Introduction to Cross-browser testing
It is now 2022, and the browser landscape looks more competitive than ever. Google Chrome holds 64.36% of the worldwide browser market share. This competitive landscape is still growing with more players like Safari, Opera, and Microsoft Edge, who have a good chunk of the market.
Therefore, to ensure an optimal user experience for those users who are not using the most current browsers, developers must test websites and web applications on browsers that may not be the latest versions. This strategy allows them to design a website that will work regardless of the browser version.
Cross-browser testing is one of the necessary elements of website design that ensures that your website works well on all browsers, devices, and operating systems. Browser tests verify that every page of your website renders as predicted. It is vital for the success of any website launch that ensures users see what they are supposed to. Cross-browser testing also helps web developers identify bugs for fixing quickly before the website launches. Without web browser automation, even an online business may not understand how its site or app appears to the user, allowing it to deliver an exceptional user experience on each device.
How cross-browser testing influences your business website
The growing popularity of mobile devices, tablets, desktops, and laptop computers has led to cross-browser testing becoming an key part of any web design strategy. Web page owners need to ensure that their sites are functional, easy to use, and visually appealing across all the different browsers on the market.
Cross-browser testing is one of the fundamental steps in the QA process. It enables the users to have a flawless experience while interacting with a web app or website. Browser tests intend to ensure that your web app or website operates consistently across all possible browser-OS-Device combinations.
Some of the most commonly used browsers are- Google Chrome, Mozilla Firefox, Safari Internet Explorer / Microsoft Edge, and Opera. To capture the target market share, you must choose the popular browsers as a crucial part of the marketing strategy. The business teams must decide what browsers they would need to select to test and meet organizational goals.
As an alternative to analyzing popularity, you can also observe the functionality of a website to increase conversions and conversion rates. Analytics tools such as Google Analytics, Adobe Analytics, and SEMrush measure website traffic. Based on this information, you can track which browsers your users are using to visit your website, from which device they view it and through which operating system they access it.
Strategy to perform cross-browser testing
- Create a checklist: Before testing takes place, a list should be created that indicates how the process will be carried out. This checklist should include the site’s navigation features, how it functions with file loading and checkout processing, and the payment gateway system. Highlighting these aspects can help you understand how your website may or may not have been affected by these processes. Create a strategy for managing testing efforts to avoid errors such as having minute issues that do not affect the overall performance of your website.

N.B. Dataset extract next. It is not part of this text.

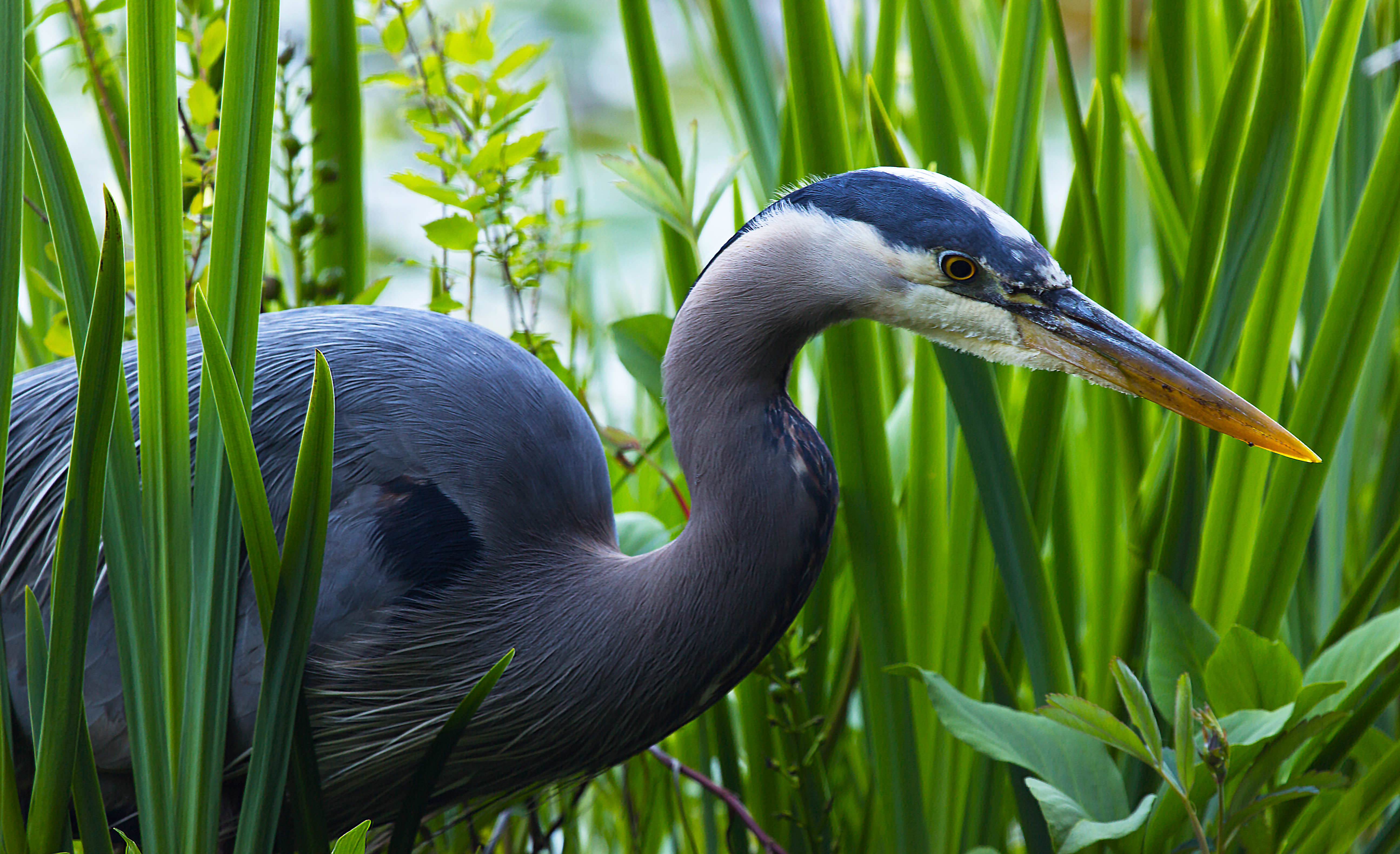 Great Blue Heron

- Test website compatibility: Browser compatibility testing is a crucial phase of cross-browser testing. You can run your application on each browser, check if it works fine, and compare the results to verify that it performs according to your expectations. The different web browsers support different parts of the HTML5 standard. For example, some browsers support the new geolocation API while others do not. Even with the same browser, you can run into differences between versions. Hence, if you want your website to work well across multiple browsers, you need to be aware of the differences.
- Choose browser-OS combinations: When you are getting ready to launch your site, the last thing you want is a hiccup or delay. One of the easiest ways to gain that confidence and eliminate uncertainty is by performing cross-browser testing before launch. Rolling out a product without thorough checks in advance would be simply reckless. When testing your cross-browser and cross-device websites, it is pivotal to prioritize which browser devices and resolutions should be the focus during the testing process. A simple rule of thumb is to test early and often during the development process, starting with the most popular browsers, devices, and resolutions.
- Select a testing method: Cross-browser testing can be manual or automated. For example, you may face a scenario where the website operates precisely in one browser while having some layout errors in other browsers. Perform manual or automated testing methods or both to compare the accuracy.
- Pick a tool/platform for test: Get assistance from cross-browser testing tools or platforms that address the challenges and ensure the quality of web applications without compromising on time-to-market. Test before you launch the website. Test, test, and test again because prevention is better than cure. Once you have thoroughly tested on all major browsers, work on the feedback provided by your testers and fix the bugs before you launch it for public use.
Website design has evolved from the era of a single type of networked browser. It is significant to create websites that work across browsers and phones. People regularly use numerous devices for browsing the internet, including desktops, laptops, phones (including iPhones and Androids), and tablets. These devices have different levels of compatibility. To reach customers on multiple platforms, it is crucial to design websites that cater to the varying levels of functionality of these devices.
If a website does not function properly across all devices, browsers, and operating systems, it can hamper a business’s efforts to provide quality customer service. A poorly designed website can jeopardize customer satisfaction. The goal of web design is not only to build a site that runs correctly but one that makes the best use of its assets to help users navigate the site efficiently.